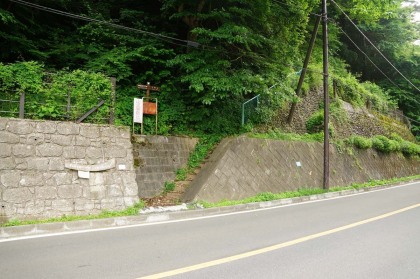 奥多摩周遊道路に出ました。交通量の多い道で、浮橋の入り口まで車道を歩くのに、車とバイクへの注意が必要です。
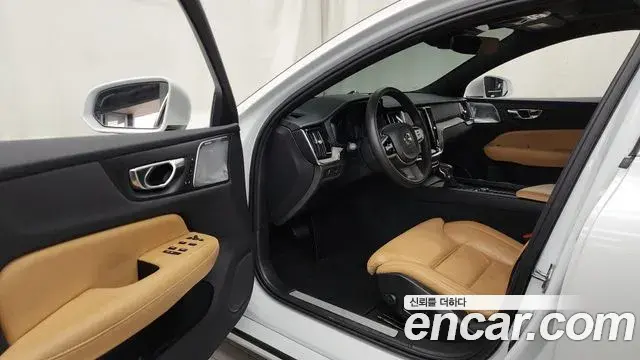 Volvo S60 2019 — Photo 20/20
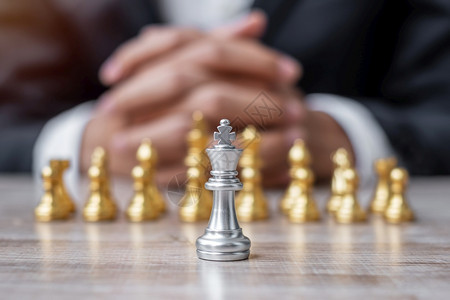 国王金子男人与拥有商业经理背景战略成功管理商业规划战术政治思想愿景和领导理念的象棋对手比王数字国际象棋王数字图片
...
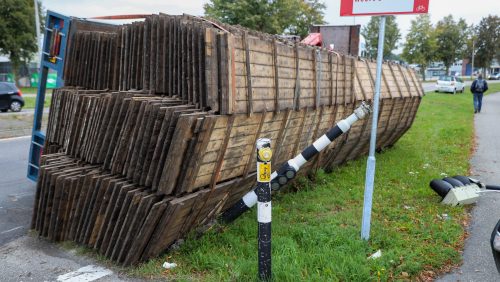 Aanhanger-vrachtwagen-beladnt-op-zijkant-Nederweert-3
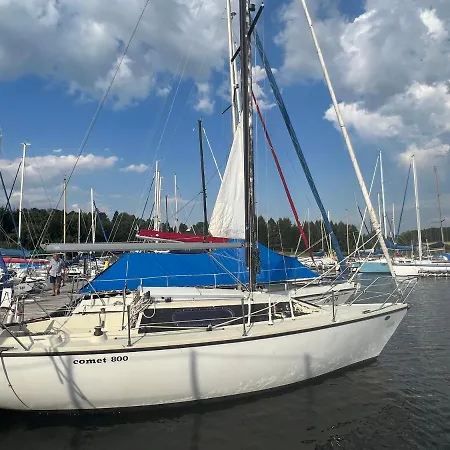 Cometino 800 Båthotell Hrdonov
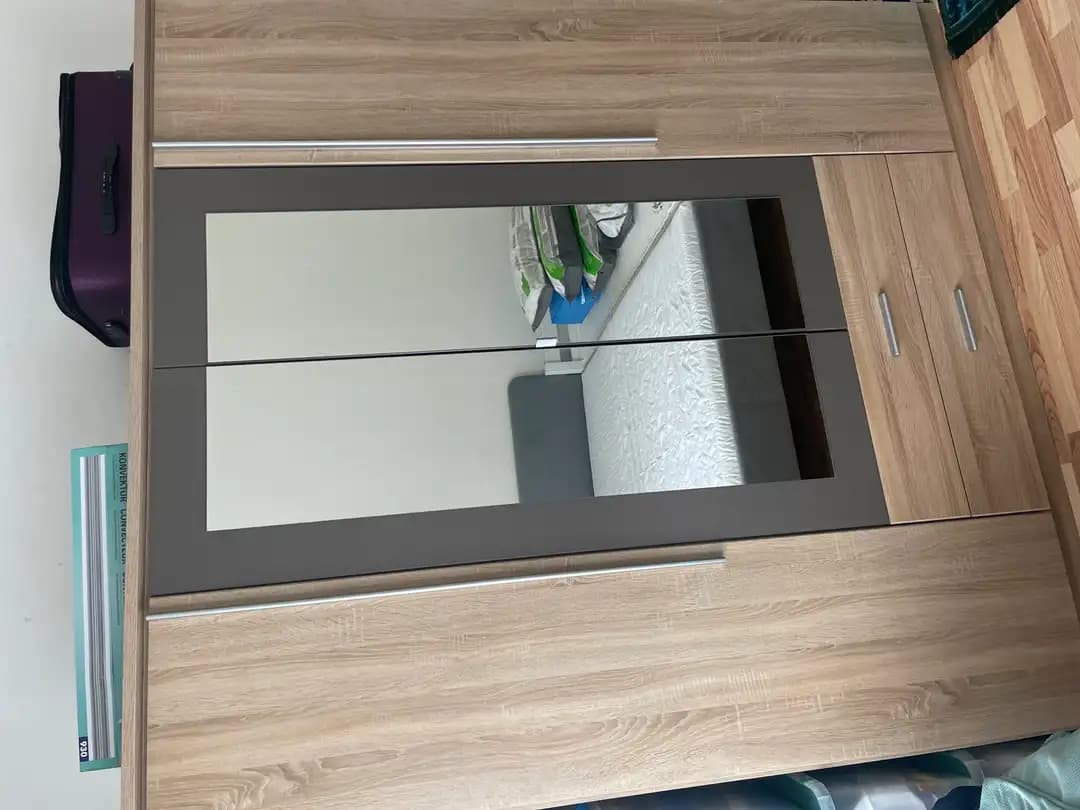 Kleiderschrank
---
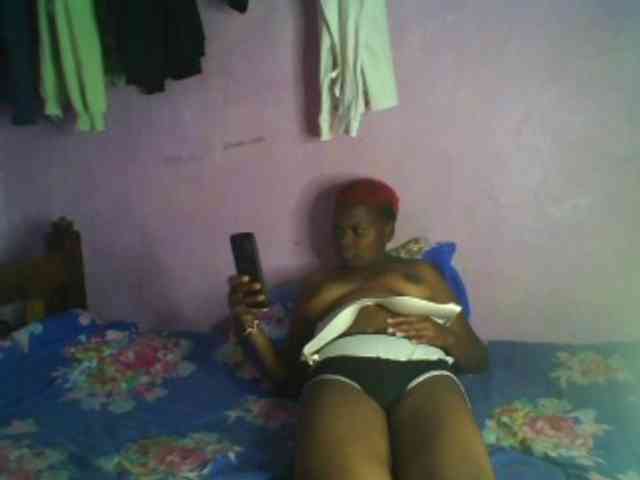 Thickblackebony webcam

### YOUR INSTRUCTIONS
All that should appear in the answer is the lines above from the line with "Cometino 800 Båthotell Hrdonov" through the line with "Kleiderschrank", retyped exactly, pictures left out.

### YOUR RESPONSE
 Cometino 800 Båthotell Hrdonov
 Kleiderschrank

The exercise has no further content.